Neither has doubted the decision since. Donovan has gone 189-94 in nine-plus seasons, including a 154-74 at Florida, where he’s been since 1996.
The two remain close friends, but Pitino said his fondest memories of “Billy the Kid” will always be of him as a player.
The Friars were the doormats of the Big East when Pitino arrived. Pitino said Donovan was the first player to ask him for a transfer.
“We called Fairfield and Northeastern — two schools I thought would be at his level,” Pitino said. “And their response was, ‘We have much better’ and they didn’t want him. When he came back in, he said, ‘What did those other schools think?’ I said, ‘They want you badly, but why don’t you stay here and concentrate on academics?”’
Pitino also told Donovan to get into shape, improve his shooting and work on his ballhandling. For a while, Pitino dominated Donovan in 1-on-1 games.
“My biggest problem was — and it’s very true today — kids don’t understand how to work out, how to make themselves better,” Donovan said. “He really taught me as a player how to get things done and how to work. For me, it was like a godsend because I loved playing.”
Soon, Donovan became a dominant, unguardable player, Pitino said.
The unheralded Friars lost three of their last four regular-season games, but then stormed to the Final Four, scoring at least 88 points in their first four NCAA tournament games.
“A lot of people characterize that team as overachievers, and they certainly were, but not him,” Pitino said. “He was a dominating point guard who couldn’t be guarded. It’s quite a story. It’s my favorite story in 30 years of coaching.”
The Friars won the regional title at Freedom Hall, a weekend that catapulted Pitino to the national spotlight.
“There is always a game, always a moment, that changes your career. The run at Providence to the Final Four changed my career forever,” he said.
Saturday’s game will cap another eventful week for Pitino.
In the last six days, he’s defeated Willard, now the Holy Cross coach, and a former player, Seton Hall coach Louis Orr.
Between the games, he learned that the brother of Louisville’s leading scorer, Francisco Garcia, had been shot and killed in the Bronx.
On Thursday, Pitino flew to New York City with Garcia, who attended his brother’s funeral. Pitino also caught a glimpse of incoming Louisville recruit Sebastian Telfair in a nationally televised high school game before returning to Louisville with Garcia.
Pitino said Garcia would play Saturday in the so-called Billy Minardi Classic, in honor of Pitino’s brother-in-law, who was killed in the Sept. 11 terrorist attacks. Pitino will host about 60 of Minardi’s friends, in addition to his widow, siblings and children.
And if he wins, Pitino will earn win No. 400 faster than all but eight college coaches.

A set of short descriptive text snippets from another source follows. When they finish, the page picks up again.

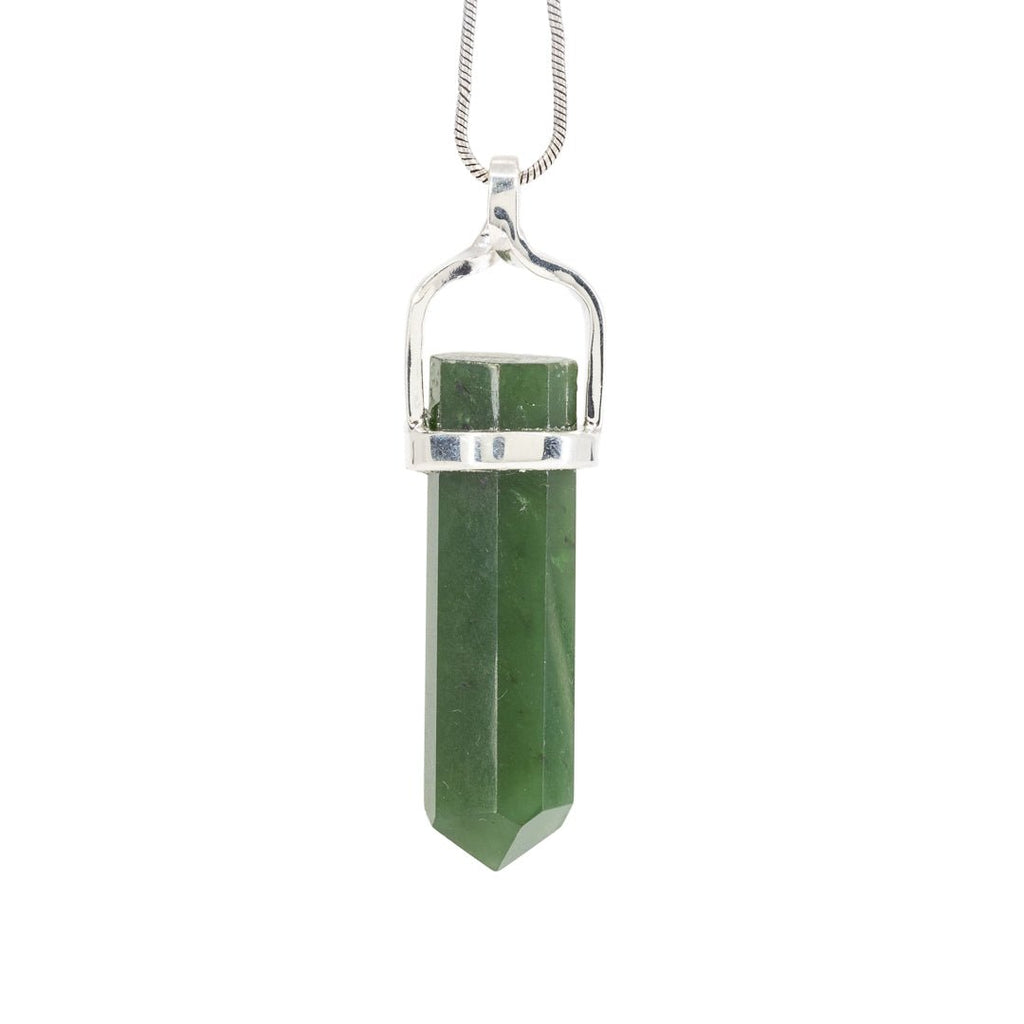 Nephrite Jade 19.91 Carat Sterling Silver Handcrafted Polished Crystal Twist Pendant - LLO-056 - Crystalarium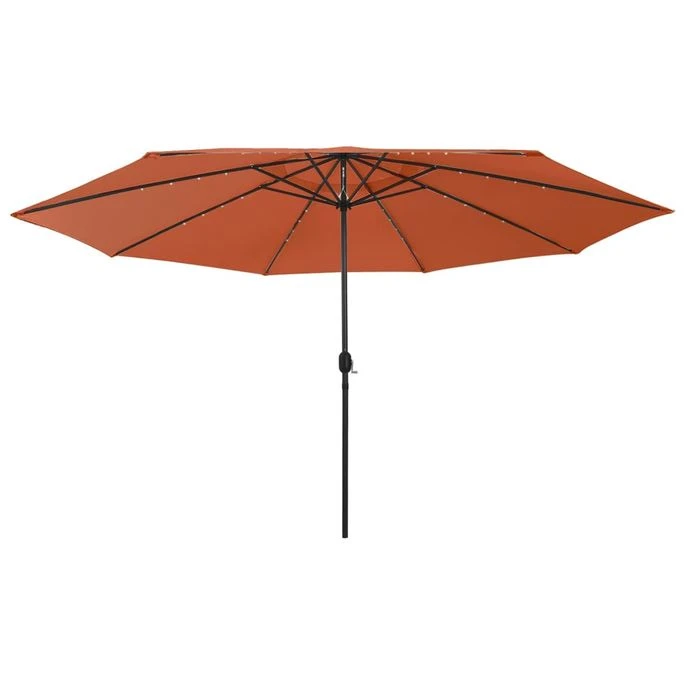Parasol D'extérieur Avec LED Et Mât En Métal 400 Cm Terre Cuite 5 Parasol D'extérieur Avec LED Et Mât En Métal 400 Cm Terre Cuite – Image 3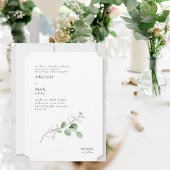 White Modern Botanical Foliage Ticket Wedding Kaart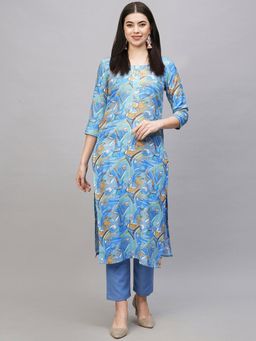 Gahan - Abstract Printed Round Neck Gotta Patti Straight Kurta with Pant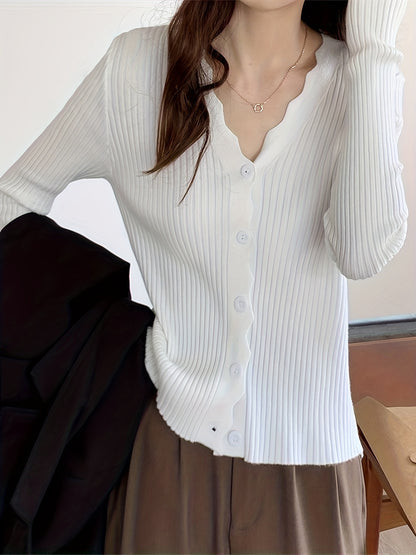 xieyinshe  Solid Simple Button Up Cardigan, Vintage Long Sleeve Slim Sweater For Spring & Fsll, Women's Clothing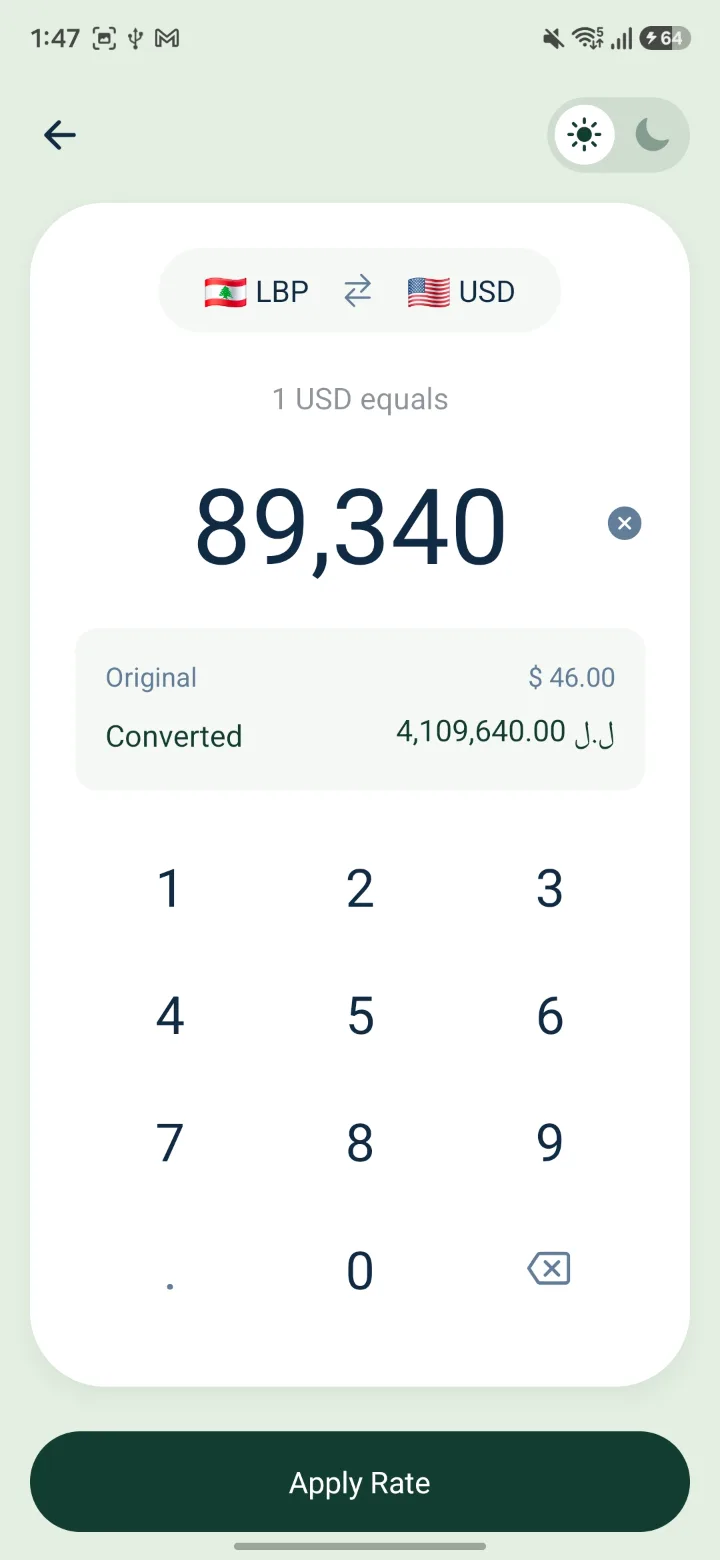 Custom exchange rate keypad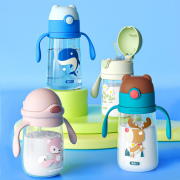 杯具熊儿童学饮杯吸管杯宝宝幼儿园婴儿夏季便携萌宠可爱手柄水杯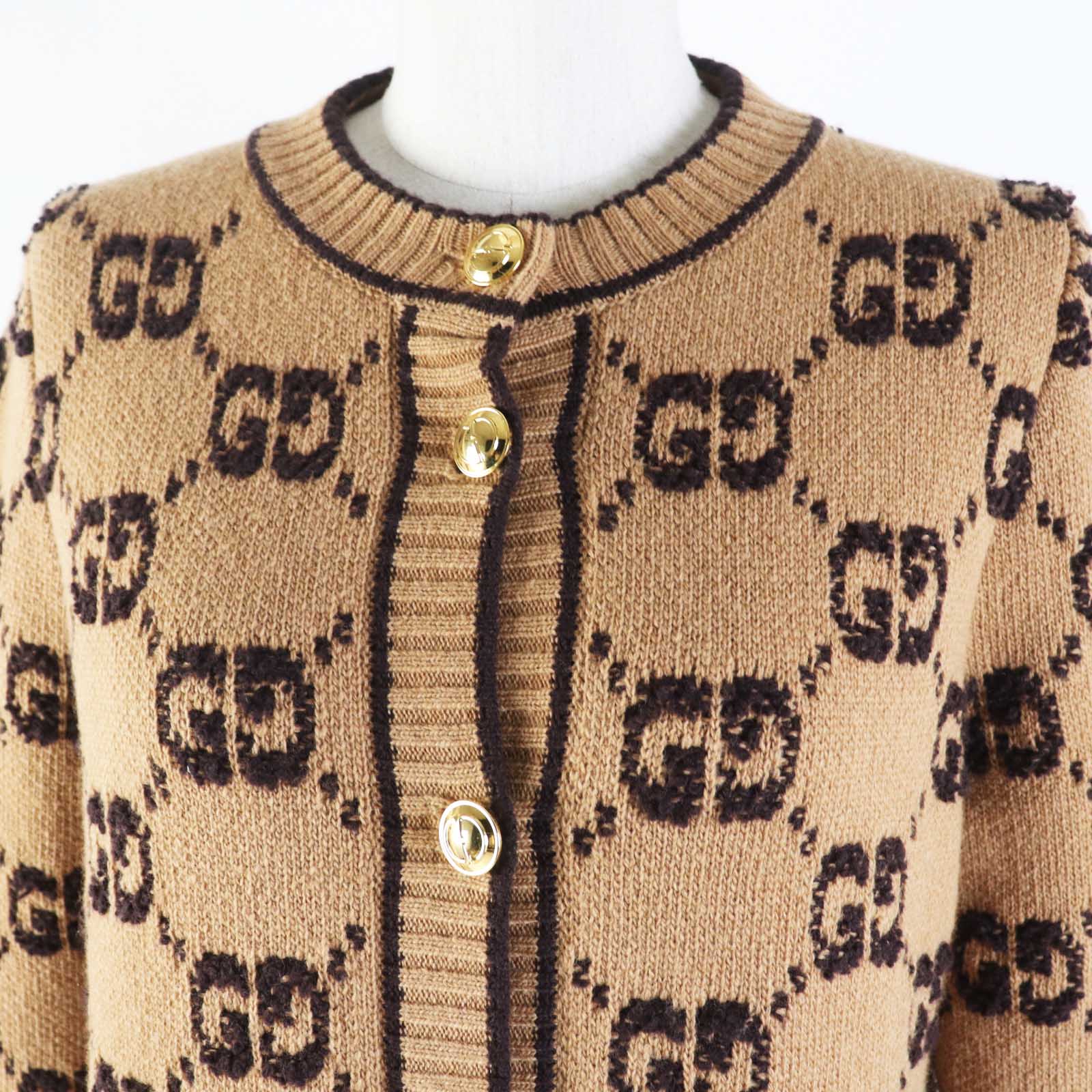 Gucci GG Wool Jacquard Cardigan Brown S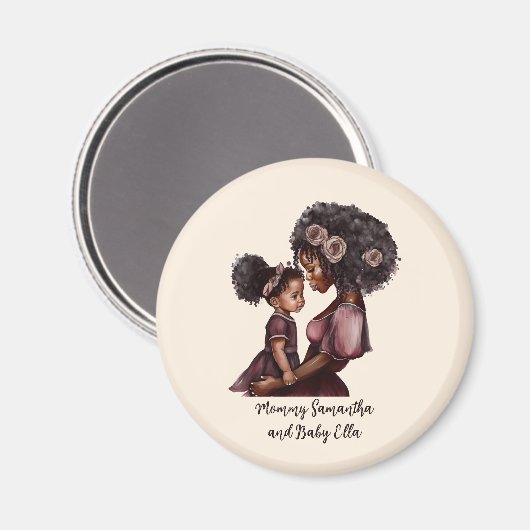 Gepersonaliseerde zwarte mam en dochter (1) magneet (Voorkant / Achterkant)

“That’s about the only thing I haven’t thought of this weekend, is 400,” Pitino said. “If it does happen, it would be awesome for it to happen tomorrow.”
Louisville is 1-4 against No. 1 teams since 1953, and the Cardinals last played a top-ranked team in 2000, losing to Cincinnati 75-65.
The Gators probably won’t be No. 1 much longer. They’re coming off a 69-68 home loss to Maryland — something Pitino wishes hadn’t happened right before his team faces them.
“They’re a No. 1 wounded tiger,” Pitino said.